Of the changes they made around the home, there were none in the formal living room. “We only made changes to update the kitchen and bathrooms. That’s how well built the home was,” said Martha. She did note that they removed quite a bit of wallpaper and consequently, most of the walls are painted, rather than re-papered. “It took over two weeks to remove all of the old wallpaper, which was three layers thick in some of the rooms and halls. I’m not ready to put more up, yet!” she laughed.

A distinguishing feature of the home, from a builder’s perspective, much to Clyde’s delight, is that the walls are made from Sheetrock, not plaster. A more user-friendly material, it is rare to see in a home from the 1950s. “It’s so much easier to hang pictures, and it doesn’t crack,” said Martha. 

Another of Clyde’s favorite features of the home can be found in the family’s den: a floor-to-ceiling wall of lustrous original heart pine built-in shelving, cabinets and heart pine paneling. A ubiquitous adornment of the Wood home, family pictures, including a childhood portrait of Clyde Thomas III over the fireplace, cozy up the ample space. “My children love to be in this room and run the fireplace when they are home. The heart pine gives it a warm feel,” said Martha. 

Perpendicular to the den along the main galley, Clyde and Martha’s bedroom is the only bedroom downstairs. While traditionally and perfectly appointed, it showcases a uniquely functional quality, rarely found in a home of the 1950s: ample closet space.
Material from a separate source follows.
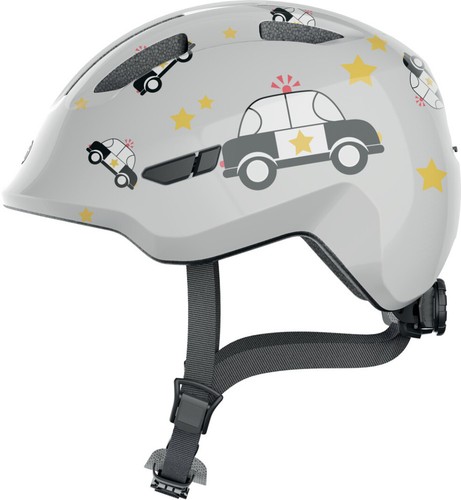 Abus smiley fahrradhelm - abus,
A priority of Mrs. Lilly in the building process, the home features spacious closets in each of the bedrooms, even walk-in closets in some.  

While Clyde and Martha never had to “carve out” additional space in many places, the breakfast nook was originally part of their spacious back porch. “When we have family and friends for gatherings, everyone enjoys the porch. Cold weather or warm, that’s where I put my bar,” said Martha. Both the porch and the breakfast nook offer a completely unobstructed view of the perfectly manicured back lawn.  

In the winter months, a focal point of the back yard is a beautifully constructed brick wall, which the Woods added for privacy. Clyde was able to track down the maker of the home’s original brick in Virginia and had the wall built to match. “On our side of the wall, there isn’t a single specialty brick, but it appears to be very ornate and is very beautiful on the neighbor’s side, too. We felt good about the beauty on the other side for them,” said Martha.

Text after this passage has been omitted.